The same deficiency exists in the present case. The signage fails to present the parking charge with sufficient prominence. The amount is buried in small print and is overshadowed by other conditions on the sign, such as maximum stay time or tariff details, which are displayed more conspicuously. This is not in keeping with the Beavis requirement that the charge be clearly and prominently stated.

As such, the signage fails to bring the charge amount to the driver’s attention in a meaningful way, and the charge cannot be considered proportionate or enforceable. The appeal should therefore be allowed.
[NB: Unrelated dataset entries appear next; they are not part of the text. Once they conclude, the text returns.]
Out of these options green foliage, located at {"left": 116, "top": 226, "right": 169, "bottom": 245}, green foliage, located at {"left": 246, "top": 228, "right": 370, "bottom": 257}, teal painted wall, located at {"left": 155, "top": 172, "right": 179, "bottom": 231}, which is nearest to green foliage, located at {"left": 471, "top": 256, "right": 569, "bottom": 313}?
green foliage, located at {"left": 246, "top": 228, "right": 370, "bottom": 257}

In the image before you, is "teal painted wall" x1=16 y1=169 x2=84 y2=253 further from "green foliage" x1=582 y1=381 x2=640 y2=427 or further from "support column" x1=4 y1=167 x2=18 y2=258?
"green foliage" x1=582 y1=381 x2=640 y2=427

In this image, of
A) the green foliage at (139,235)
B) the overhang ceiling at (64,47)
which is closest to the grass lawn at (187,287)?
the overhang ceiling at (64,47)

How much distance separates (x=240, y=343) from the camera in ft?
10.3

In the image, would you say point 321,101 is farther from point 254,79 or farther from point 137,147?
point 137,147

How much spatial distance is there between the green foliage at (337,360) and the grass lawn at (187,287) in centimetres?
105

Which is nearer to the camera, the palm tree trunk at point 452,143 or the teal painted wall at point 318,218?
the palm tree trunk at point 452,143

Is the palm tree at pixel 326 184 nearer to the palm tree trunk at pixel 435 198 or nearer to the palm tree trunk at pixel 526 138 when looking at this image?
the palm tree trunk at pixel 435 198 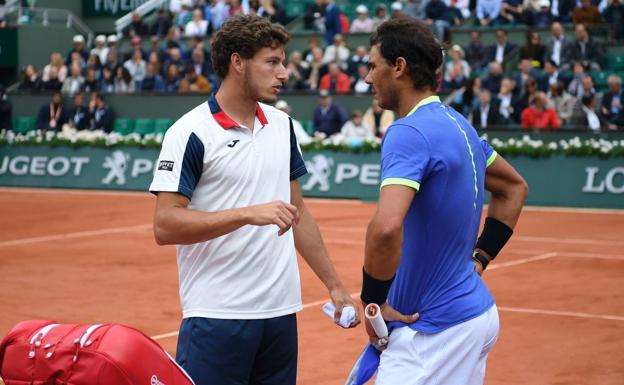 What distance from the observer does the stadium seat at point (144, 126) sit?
2534 centimetres

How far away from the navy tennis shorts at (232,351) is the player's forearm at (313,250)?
0.32m

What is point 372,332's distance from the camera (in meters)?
3.96

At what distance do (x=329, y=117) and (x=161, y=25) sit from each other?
9.73 m

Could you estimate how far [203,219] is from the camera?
13.7ft

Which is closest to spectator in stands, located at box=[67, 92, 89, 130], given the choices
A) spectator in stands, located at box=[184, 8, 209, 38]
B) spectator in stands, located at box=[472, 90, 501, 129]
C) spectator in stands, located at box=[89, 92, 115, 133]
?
spectator in stands, located at box=[89, 92, 115, 133]

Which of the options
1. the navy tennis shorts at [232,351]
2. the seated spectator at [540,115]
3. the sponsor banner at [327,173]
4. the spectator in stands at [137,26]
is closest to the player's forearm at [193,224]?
the navy tennis shorts at [232,351]

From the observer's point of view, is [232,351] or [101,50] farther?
[101,50]

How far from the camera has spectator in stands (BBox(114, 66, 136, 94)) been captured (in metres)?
27.1

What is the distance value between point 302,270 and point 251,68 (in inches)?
331

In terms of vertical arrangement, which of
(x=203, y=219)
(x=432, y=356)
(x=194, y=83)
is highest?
(x=203, y=219)

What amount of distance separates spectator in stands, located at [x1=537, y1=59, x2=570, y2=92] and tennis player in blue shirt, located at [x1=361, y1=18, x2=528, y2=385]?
18274 mm

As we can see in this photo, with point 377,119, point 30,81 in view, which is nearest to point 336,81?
point 377,119

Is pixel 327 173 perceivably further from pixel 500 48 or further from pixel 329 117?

3. The Notice to Keeper fails to inform the keeper of the reason behind the charge as per Paragraph 9(2)(b) of PoFa[/b]



GROUPNEXUS has failed to comply with the Protection of Freedoms Act (PoFA) 2012, meaning they cannot transfer liability for the alleged parking charge from the driver to the registered keeper.

Under Schedule 4 of PoFA, strict conditions must be met before the keeper can be held liable for a parking charge incurred by the driver. GROUPNEXUS's failure to comply with several key requirements renders the Notice to Keeper (NtK) non-compliant, meaning they cannot hold the registered keeper liable for the charge.

GROUPNEXUS’s NtK fails PoFA on the following points:



Paragraph 9(2)(a): The NtK must specify the relevant land on which the vehicle was parked. GROUPNEXUS’s vague description of the location is insufficient under PoFA, as it does not clearly identify where the vehicle was allegedly parked, nor does it specify a defined area.

Paragraph 9(2)(b): PoFA requires that the NtK must inform the keeper of the reason for issuing the charge. In this case, GROUPNEXUS fails to make the alleged breach of contract clear in their NtK. There is merely a reference to signage on the site. The NtK must inform the keeper why the parking terms were allegedly breached. Thus, this is not sufficiently communicated.

4. Notice to Keeper does not comply with Paragraph 9(2)(e)(i) of Schedule 4 to the Protection of Freedoms Act 2012 – no invitation to the keeper to pay.


It is important to emphasise that PoFA Schedule 4 Paragraph 9(2)(e)(i) sets out a mandatory and unambiguous requirement. It states that the Notice to Keeper must:
“state that the creditor does not know both the name of the driver and a current address for service for the driver and invite the keeper — (A) to pay the unpaid parking charges; or (B) if the keeper was not the driver of the vehicle, to provide the creditor with a statement...”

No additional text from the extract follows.